ABOUT THE FILM
Exploring the roots of American inequity, greed and pollution, CONSCIENCE POINT contrasts the values of those for whom beautiful places are a commodity - who regard land as raw material to be developed for profit and pleasure - and those locals for whom land means community, belonging, heritage and home. CONSCIENCE POINT metaphorically and thematically goes beyond the Hamptons to tell a story of fighting the elite 1% at a time when so many across America are also struggling to remain in gentrifying parts of cities under development for luxury homes and lifestyles.
Unchecked, unjust development pushes out locals and destroys local environment. Many ordinary local people feel they lack a voice to stop developers from building luxury mansions and beachfront homes that eat into the safety margin of the peninsula’s environmental equilibrium. They witness the destruction and demise of local fishing and oyster bed cultivation, as well as to water and air quality issues.
Long time Shinnecock activist Becky Hill-Genia, the film's heroine, cut her activist teeth during the American Indian Movement. During this time she was steeped in empowering philosophies and political ideas that she applies today to the present day situation - standing up to Southampton town government, to preserve Shinnecock sacred land and push forward legislation to protect ancestral grave sites.
Becky's story brings to light evidence of a great imbalance of power in the Hamptons that consistently points to land use decisions favoring the wealthiest residents in the Hamptons, often at the expense of the environment and desecrating ancient burial sites. Her struggle reveals a community under immense stress. Local people, working in service to the wealthy, are unable to remain on the peninsula. The Shinnecock, who have suffered from the repeated colonization of their land and way of life since1640 continue to see their ancient burial grounds plowed up unceremoniously and the desecration of a place that is still sacred to them. Becky and her family love the land, and seek to preserve it in its unspoiled state. For them land use is a moral issue, and greed is the enemy of the environment. The survival of wild land that is part of their culture forms a central part of a high stakes story that is ultimately as much about environmental sustainability as abuse of power.
A long simmering tension between the wealthiest Americans and the Shinnecock will come to a head in the summer of 2018, when the world will be watching the U.S. Open golf tournament unfolding at the ultra-exclusive Shinnecock Hills Golf Club. Few will have any idea that the pristine course was literally carved out of a Shinnecock burial site. CONSCIENCE POINT will expose the true story of the wealthiest zip code in America, as Becky takes a courageous stand to secure the Shinnecock’s future, against the odds.

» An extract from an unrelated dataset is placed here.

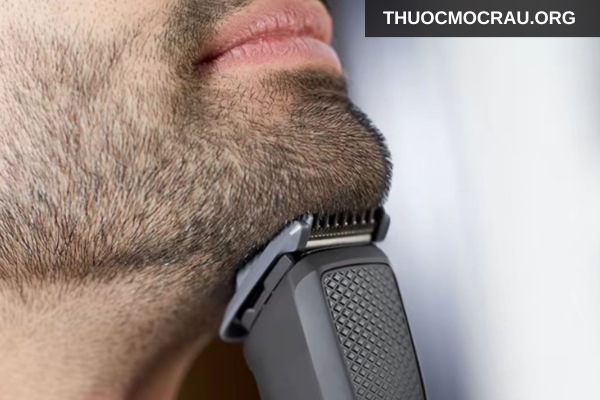 Cắt tỉa định kỳ để giữ râu gọn gàng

In 2014, when I first visited the Shinnecock Reservation and met Becky — a few years before the #metoo movement and Trump “resistance” — I was struck by her tenacity and her fearless ability to stand up to abusers. We spoke as she lit a community fire pit she created as a meeting place for survivors of domestic violence, a safe space she called WAVE — Women Against Violence Everyday. During our initial conversation Becky connected the historical oppression of the Shinnecock people to present-day tribal corruption, substance abuse and domestic violence, calling out her own tribe for perpetuating problems that of course stemmed from centuries of abuse and injustice from the town. “It’s all the same oppression” she said. She spoke of the over-development, the graves desecration and the social and economic marginalization. I was immediately struck by the contrast Becky’s experience of place had with the hundreds of thousands who visit the Hamptons and think of it as a place to go to the beach and rub shoulders with celebrities. This reality check was immense for me and it was because of this first encounter that I suddenly realized, not only did I want to make a film about Becky but that the Hamptons was a hot bed of critical issues we all should be more conscious of.
I also have a personal history with this land. Some of my earliest memories stem from the Summer of 1980 when my family rented a house in an area called Hampton Waters.

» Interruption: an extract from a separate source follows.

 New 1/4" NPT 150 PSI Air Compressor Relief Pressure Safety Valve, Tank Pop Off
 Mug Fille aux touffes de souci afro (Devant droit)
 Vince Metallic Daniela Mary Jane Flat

My family wasn’t wealthy; we didn’t play golf, or shop at luxury boutiques, or eat at fancy restaurants. We swam in the bay, dug for clams in the mud, rescued turtles from the road, and breathed in this beautiful, wild place, as part of an older wave of artist visitors seeking a seaside escape from the City. Of course, as a child, I knew nothing of the turmoil underlying the Hamptons. It was only much later, when I met Becky that I learned of her decades of struggle to preserve the land I also, as a visitor, cherished.

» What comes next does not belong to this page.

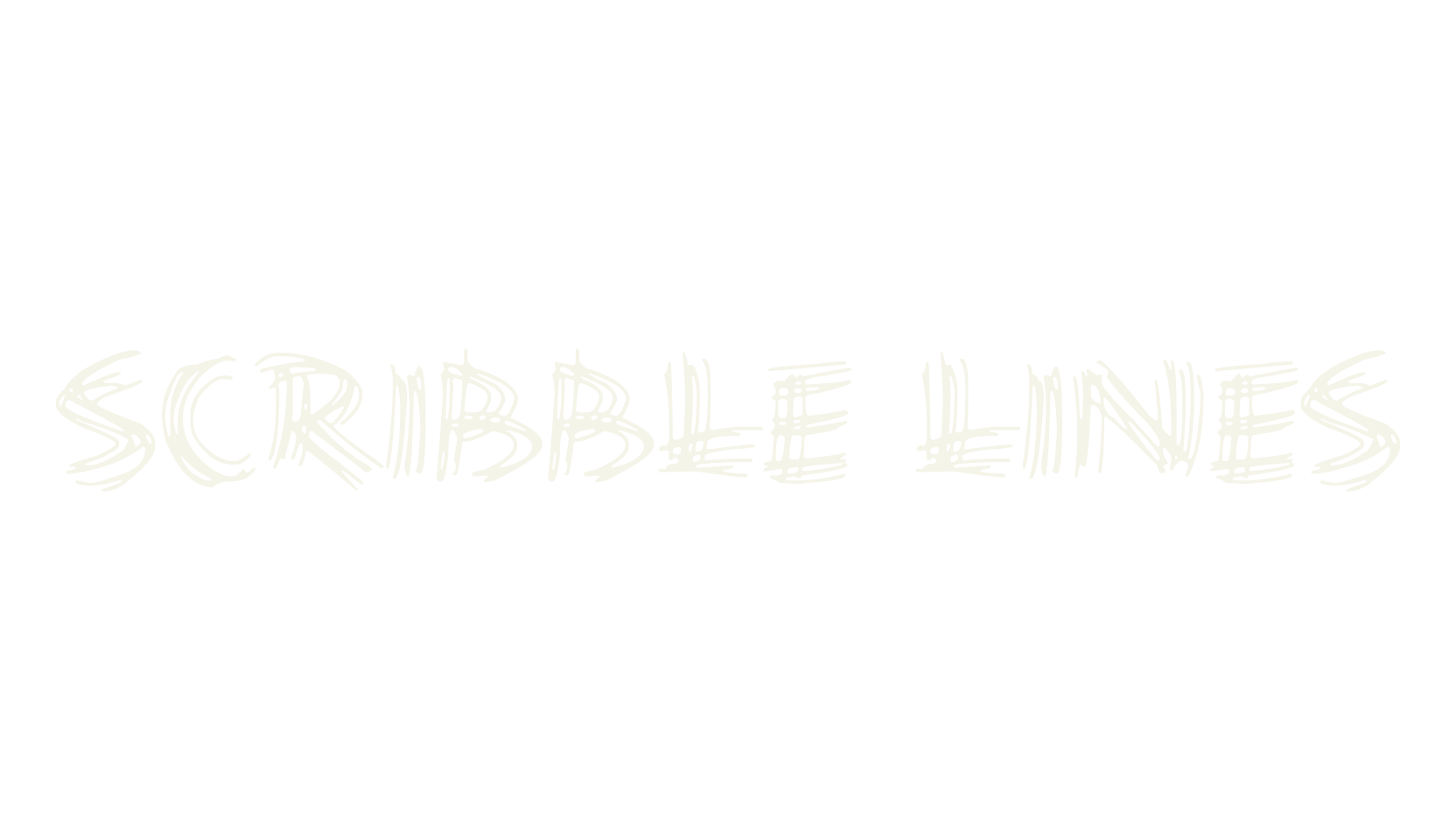 Scribble Lines, display market font preview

Becky and her Shinnecock family share this same sense of the land’s non material value. As do many others in the film who want the right to continue working and living in this place and seek to halt the over-development before it’s too late. Its beauty is a curse because, without preservation of the rights of those already living there, it attracts the wealthiest who simply want to build mansions with views, in a spot conveniently close to New York City.
Lastly, as a filmmaker I want to contribute a film that is empowering and thought provoking. As the environmental, economic and social stakes get higher in our country, civic participation becomes more important.
I want this film to contribute to a larger wave of filmmaking questioning power dynamics and privilege, agency and oppression. Becky has experience and expertise that need to be shared - she is an inspiration to me and I believe she will be to others as well.